John Storm wrote a letter to Mrs. Callender explaining Polly Love's situation and asking her to call on the girl immediately, and then he went out in search of Lord Robert Ure at the address he had discovered in the report.
He found the man alone on his arrival, but Drake came in soon afterward. Lord Robert received him with a chilly bow; Drake offered his hand coldly; neither of them requested him to sit.
“You are surprised at my visit, gentlemen,” said John, “but I have just now been present at a painful scene, and I thought it necessary that you should know something about it.”
Then he described what had occurred in the board room, and in doing so dwelt chiefly on the abjectness of the girl's humiliation. Lord Robert stood by the window rapping a tune on the window pane, and Drake sat in a low chair with his legs stretched out and his hands in his trousers pockets.
“But I am at a loss to understand why you have thought it necessary to come here to tell that story,” said Lord Robert.
“Lord Robert,” said John, “you understand me perfectly.”
“Excuse me, Mr.

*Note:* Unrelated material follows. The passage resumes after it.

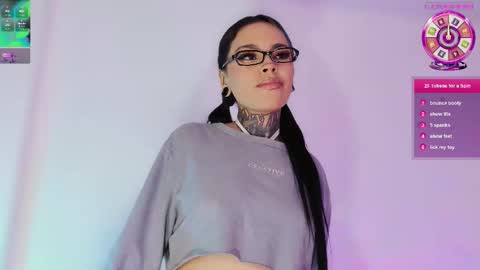 tazzie online show from September 12, 2025, 5:40 am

Storm, I do not understand you in the least.”
“Then I will not ask you if you are responsible for the girl's position.”
“Don't.”
“But I will ask you a simpler and easier question.”
“What is it?”
“When are you going to marry her?”
Lord Robert burst into ironical laughter and faced round to Drake.
“Well, these men--these curates--their assurance, don't you know... May I ask your reverence what is _your_ position in this matter--your standing, don't you know?”
“That of chaplain of the hospital.”
“But you say she has been, turned out of it.”